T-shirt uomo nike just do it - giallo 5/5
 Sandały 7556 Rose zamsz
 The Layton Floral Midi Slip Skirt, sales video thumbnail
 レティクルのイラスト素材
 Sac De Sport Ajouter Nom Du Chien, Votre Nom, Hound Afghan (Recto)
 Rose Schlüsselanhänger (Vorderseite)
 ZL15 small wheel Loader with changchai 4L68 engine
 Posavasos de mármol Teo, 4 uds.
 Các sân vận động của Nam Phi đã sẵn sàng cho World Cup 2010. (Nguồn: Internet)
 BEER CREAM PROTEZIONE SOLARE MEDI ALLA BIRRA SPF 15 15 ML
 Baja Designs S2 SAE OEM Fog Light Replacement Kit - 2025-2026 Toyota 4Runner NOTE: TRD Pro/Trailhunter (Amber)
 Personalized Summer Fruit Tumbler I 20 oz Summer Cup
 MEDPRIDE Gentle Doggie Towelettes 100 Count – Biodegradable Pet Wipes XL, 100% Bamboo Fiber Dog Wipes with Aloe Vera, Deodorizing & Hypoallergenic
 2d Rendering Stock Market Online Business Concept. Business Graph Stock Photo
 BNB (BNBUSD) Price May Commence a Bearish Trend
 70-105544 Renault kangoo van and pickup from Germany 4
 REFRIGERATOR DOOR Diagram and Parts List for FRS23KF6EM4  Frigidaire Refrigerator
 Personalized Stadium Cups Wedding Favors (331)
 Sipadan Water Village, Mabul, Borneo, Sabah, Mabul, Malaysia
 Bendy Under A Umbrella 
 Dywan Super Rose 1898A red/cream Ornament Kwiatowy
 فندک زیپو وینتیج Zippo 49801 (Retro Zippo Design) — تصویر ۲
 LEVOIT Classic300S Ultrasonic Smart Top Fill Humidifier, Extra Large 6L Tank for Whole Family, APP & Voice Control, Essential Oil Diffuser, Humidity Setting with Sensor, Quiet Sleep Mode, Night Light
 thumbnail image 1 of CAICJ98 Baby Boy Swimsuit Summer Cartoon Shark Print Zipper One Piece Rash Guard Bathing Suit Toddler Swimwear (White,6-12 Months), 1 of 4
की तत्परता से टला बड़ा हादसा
◆ ◆ ◆
» Assignment:
Write out all the records above one more time, exactly.

» The completed task:
T-shirt uomo nike just do it - giallo 5/5
 Sandały 7556 Rose zamsz
 The Layton Floral Midi Slip Skirt, sales video thumbnail
 レティクルのイラスト素材
 Sac De Sport Ajouter Nom Du Chien, Votre Nom, Hound Afghan (Recto)
 Rose Schlüsselanhänger (Vorderseite)
 ZL15 small wheel Loader with changchai 4L68 engine
 Posavasos de mármol Teo, 4 uds.
 Các sân vận động của Nam Phi đã sẵn sàng cho World Cup 2010. (Nguồn: Internet)
 BEER CREAM PROTEZIONE SOLARE MEDI ALLA BIRRA SPF 15 15 ML
 Baja Designs S2 SAE OEM Fog Light Replacement Kit - 2025-2026 Toyota 4Runner NOTE: TRD Pro/Trailhunter (Amber)
 Personalized Summer Fruit Tumbler I 20 oz Summer Cup
 MEDPRIDE Gentle Doggie Towelettes 100 Count – Biodegradable Pet Wipes XL, 100% Bamboo Fiber Dog Wipes with Aloe Vera, Deodorizing & Hypoallergenic
 2d Rendering Stock Market Online Business Concept. Business Graph Stock Photo
 BNB (BNBUSD) Price May Commence a Bearish Trend
 70-105544 Renault kangoo van and pickup from Germany 4
 REFRIGERATOR DOOR Diagram and Parts List for FRS23KF6EM4  Frigidaire Refrigerator
 Personalized Stadium Cups Wedding Favors (331)
 Sipadan Water Village, Mabul, Borneo, Sabah, Mabul, Malaysia
 Bendy Under A Umbrella 
 Dywan Super Rose 1898A red/cream Ornament Kwiatowy
 فندک زیپو وینتیج Zippo 49801 (Retro Zippo Design) — تصویر ۲
 LEVOIT Classic300S Ultrasonic Smart Top Fill Humidifier, Extra Large 6L Tank for Whole Family, APP & Voice Control, Essential Oil Diffuser, Humidity Setting with Sensor, Quiet Sleep Mode, Night Light
 thumbnail image 1 of CAICJ98 Baby Boy Swimsuit Summer Cartoon Shark Print Zipper One Piece Rash Guard Bathing Suit Toddler Swimwear (White,6-12 Months), 1 of 4
की तत्परता से टला बड़ा हादसा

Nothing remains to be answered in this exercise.